[Record excerpts — start]

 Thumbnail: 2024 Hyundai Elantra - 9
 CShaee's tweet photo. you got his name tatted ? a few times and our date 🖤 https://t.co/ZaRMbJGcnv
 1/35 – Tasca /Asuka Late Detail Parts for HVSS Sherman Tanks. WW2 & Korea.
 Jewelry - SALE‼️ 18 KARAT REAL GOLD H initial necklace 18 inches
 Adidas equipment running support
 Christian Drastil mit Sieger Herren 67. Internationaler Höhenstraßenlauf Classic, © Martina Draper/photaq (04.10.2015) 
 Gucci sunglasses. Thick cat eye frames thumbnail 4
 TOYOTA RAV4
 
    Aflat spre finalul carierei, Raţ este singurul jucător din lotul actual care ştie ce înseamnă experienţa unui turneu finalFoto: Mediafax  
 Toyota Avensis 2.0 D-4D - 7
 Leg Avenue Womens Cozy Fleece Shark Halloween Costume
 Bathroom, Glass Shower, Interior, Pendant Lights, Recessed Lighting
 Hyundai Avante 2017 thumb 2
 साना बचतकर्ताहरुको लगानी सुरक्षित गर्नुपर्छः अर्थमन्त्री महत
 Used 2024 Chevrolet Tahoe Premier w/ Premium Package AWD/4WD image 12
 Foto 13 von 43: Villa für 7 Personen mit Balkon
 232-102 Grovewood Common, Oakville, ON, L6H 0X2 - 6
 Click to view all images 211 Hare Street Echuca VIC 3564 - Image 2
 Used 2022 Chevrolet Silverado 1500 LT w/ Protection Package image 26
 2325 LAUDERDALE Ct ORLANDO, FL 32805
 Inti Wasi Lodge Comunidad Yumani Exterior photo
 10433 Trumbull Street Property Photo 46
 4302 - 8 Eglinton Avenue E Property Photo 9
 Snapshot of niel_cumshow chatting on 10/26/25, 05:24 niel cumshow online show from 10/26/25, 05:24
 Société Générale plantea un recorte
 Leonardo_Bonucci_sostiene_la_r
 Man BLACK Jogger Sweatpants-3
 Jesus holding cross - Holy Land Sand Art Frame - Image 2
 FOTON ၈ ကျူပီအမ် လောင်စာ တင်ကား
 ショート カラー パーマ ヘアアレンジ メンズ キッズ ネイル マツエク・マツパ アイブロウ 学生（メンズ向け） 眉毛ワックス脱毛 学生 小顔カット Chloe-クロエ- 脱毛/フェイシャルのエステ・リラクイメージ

[Record excerpts — finish]

== Task requirements ==
Reprint exactly the lines above that start at the one with "CShaee's tweet photo." and end at the one with "Jewelry - SALE‼️", keeping both and adding none.

== Solution ==
 CShaee's tweet photo. you got his name tatted ? a few times and our date 🖤 https://t.co/ZaRMbJGcnv
 1/35 – Tasca /Asuka Late Detail Parts for HVSS Sherman Tanks. WW2 & Korea.
 Jewelry - SALE‼️ 18 KARAT REAL GOLD H initial necklace 18 inches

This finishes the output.